Baxi has a doctoral degree in sociology from the Delhi School of Economics, and founded the Law and Social Sciences Research Network at Delhi University, which hosts an annual interdisciplinary conference on law and social science research. Baxi has been awarded fellowships by the Kate Hamburger Center in Bonn, the University of Warwick, and the University Grants Commission in India.

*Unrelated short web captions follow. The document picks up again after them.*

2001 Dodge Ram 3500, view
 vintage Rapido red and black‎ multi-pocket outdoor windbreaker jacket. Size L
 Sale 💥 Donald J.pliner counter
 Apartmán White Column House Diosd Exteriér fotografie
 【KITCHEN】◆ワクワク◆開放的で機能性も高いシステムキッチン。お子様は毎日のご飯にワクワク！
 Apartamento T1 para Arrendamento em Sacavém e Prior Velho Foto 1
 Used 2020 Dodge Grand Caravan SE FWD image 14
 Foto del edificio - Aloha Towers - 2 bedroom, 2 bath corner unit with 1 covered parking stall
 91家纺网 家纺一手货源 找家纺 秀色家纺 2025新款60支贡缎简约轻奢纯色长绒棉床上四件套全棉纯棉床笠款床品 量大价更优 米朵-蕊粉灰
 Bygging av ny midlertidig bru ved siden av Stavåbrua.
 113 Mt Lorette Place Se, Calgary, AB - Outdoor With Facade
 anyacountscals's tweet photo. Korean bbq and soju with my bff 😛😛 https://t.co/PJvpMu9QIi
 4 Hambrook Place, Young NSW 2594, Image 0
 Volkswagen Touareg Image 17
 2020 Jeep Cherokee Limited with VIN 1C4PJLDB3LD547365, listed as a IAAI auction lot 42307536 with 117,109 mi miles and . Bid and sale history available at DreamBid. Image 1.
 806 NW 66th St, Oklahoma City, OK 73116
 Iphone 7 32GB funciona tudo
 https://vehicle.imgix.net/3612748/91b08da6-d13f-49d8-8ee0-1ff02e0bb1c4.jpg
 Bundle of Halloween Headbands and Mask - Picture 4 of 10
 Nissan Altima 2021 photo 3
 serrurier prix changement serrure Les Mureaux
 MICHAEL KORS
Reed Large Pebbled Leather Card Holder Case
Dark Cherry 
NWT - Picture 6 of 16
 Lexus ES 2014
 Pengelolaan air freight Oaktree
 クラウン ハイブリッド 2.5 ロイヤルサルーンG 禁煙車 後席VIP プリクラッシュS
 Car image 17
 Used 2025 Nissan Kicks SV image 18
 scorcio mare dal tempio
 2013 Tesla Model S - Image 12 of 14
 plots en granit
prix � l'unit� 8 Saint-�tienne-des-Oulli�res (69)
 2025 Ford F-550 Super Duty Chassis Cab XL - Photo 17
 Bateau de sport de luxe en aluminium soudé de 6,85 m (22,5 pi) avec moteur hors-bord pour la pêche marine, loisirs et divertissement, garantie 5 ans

In 2014, Baxi published Public Secrets of the Law: Rape Trials in India (Oxford University Press), which is one of the first works to present ethnographic research on courtrooms in India, focusing particularly on rape trials from a trial court in Ahmedabad, Gujarat. The book received positive reviews in research publications, with the Law & Society Review describing it as a "remarkable study of the public life of rape trials in India" and a review in The Journal of the Indian Law Institute calling it a "pioneering effort in the field of feminist legal research". Baxi has also published on law and sexual violence in the Indian Express, Economic and Political Weekly, and Outlook India, in addition to academic journals including Contributions to Indian Sociology, Third World Quarterly, and the Annual Review of Anthropology.

== Publications ==

| Year | Title | Type | Details |
|---|---|---|---|
| 2009 | "Habeas corpus, juridical narratives of sexual governance" | Working paper | New Delhi: Centre for the Study of Law and Governance, Jawaharlal Nehru University. |
| 2014 | Public Secrets of Law: Rape Trials in India | Book | New Delhi: Oxford University Press. |
| 2016 | "'Carceral feminism' as judicial bias: The discontents around State v. Mahmood Farooqui" | Occasional paper | Interdisciplinary Law, Issue 3, Council for Social Development, Southern Regional Centre, Hyderabad. |

== Awards ==
In 2021, Baxi won the Infosys Prize for Social Sciences, for "her work on sexual violence and jurisprudence."